The penchant for building skyward in the late 19th and early 20th centuries was the result not only of innovative designers, but of strong currents of technological, economic, and social change. It seems a pretty obvious and practical thesis. But as Iowa State architecture professor Thomas Leslie demonstrates in his exhaustive new historical survey, Chicago Skyscrapers 1871–1934, it is actually a fact that has been traditionally left under-examined with the most influential authorities preferring instead to focus on the larger-than-life visionaries behind the buildings. Accordingly, Leslie’s study looks to fill in the holes his predecessors, like scholar Carl Condit, left gaping—from reconstruction following the Great Fire of 1871 to the Great Depression of the 1930s.

   

It is a meticulous effort. Leslie fills his deceptively dense pages with the reverberating impact developments like iron-reinforced skeletal framing, increasingly efficient elevators, electric lighting, fireproofing, and a volatile economy had on the city architecturally. Iconic structures from Burnham & Root’s 1882 Montauk Block to Howells and Hood’s gothic 1925 Tribune Tower sprang forth in a trial-and-error manner, Leslie shows, as the building climate, available materials, and current technological advances aligned. When massive brick skyscrapers, for example, gave way to hybrids of skeletal metal and brick, as in Holabird & Roche’s 1889 Tacoma building, the Tribune reported that Chicagoans had “an idea that it is a mere shell set up on pins, and that if two wide-awake blizzards should ever happen to meet in Chicago it would come down with a great flop from its high perch.” That led the architects to create more substantive-looking buildings for their next projects. Illustrative instances like this are numerous in the book, likely too numerous for a casual reader, but they accomplish the author’s goal of presenting a nuanced and collaborative Chicago architectural environment throughout these crucial decades.
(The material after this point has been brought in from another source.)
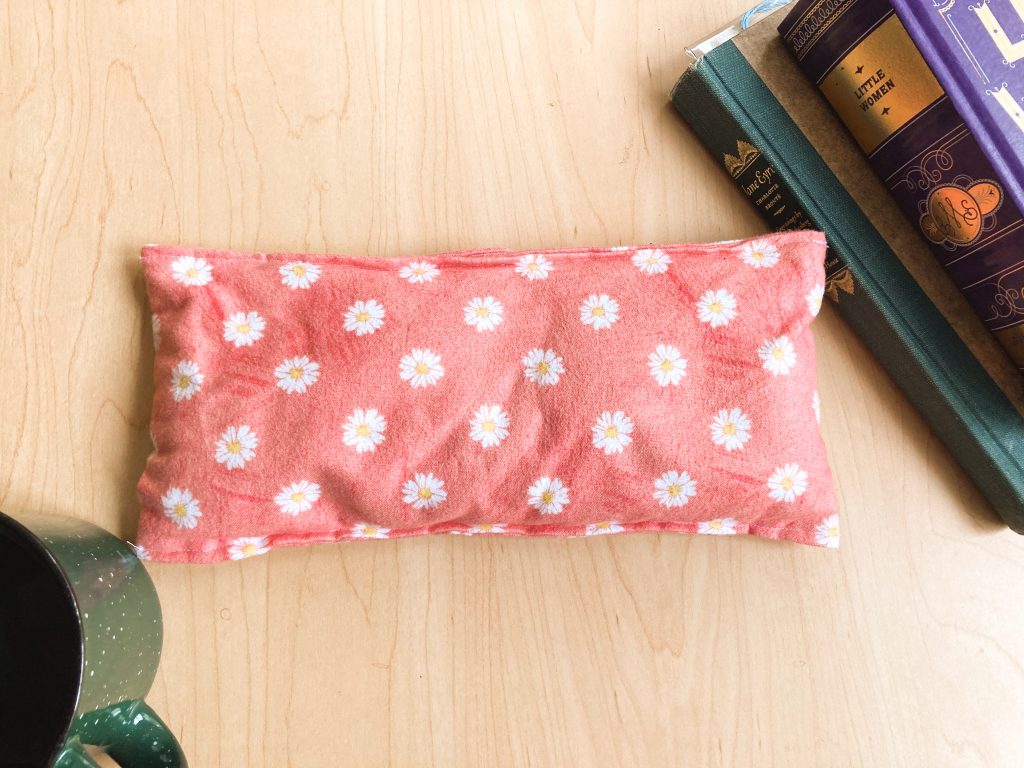 pink heat pad with books and cup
Leslie’s thorough and well-cited work, however, gets problematic in places where solid arguments are diluted with excessive supporting detail. Chapters, organized by periods of development, which might have been sharp and concise feel tedious when weighed down with long lists of building names and surface level details as opposed to deeper analysis of a handful of projects per topic. The detours taken from anchor example A to anchor example B, while indeed illustrative of Leslie’s points, make for a tiresome and unfortunately less effective journey.

While parts of the book could benefit from some streamlining, as a whole, Leslie presents a fascinating story, fleshed out by diagrams and historic photographs of a startling number of demolished-too-soon buildings that paved the way for the strong and eclectic skyline we know today. Chicago architects, Leslie writes, “changed their design approaches both incrementally and radically as improvements were tested and proven, and they were agile in adapting their sense of style to new materials or techniques.” What emerged, and what Leslie offers here, was an approach “whose influence spread globally as a conceptual and aesthetic ideal.”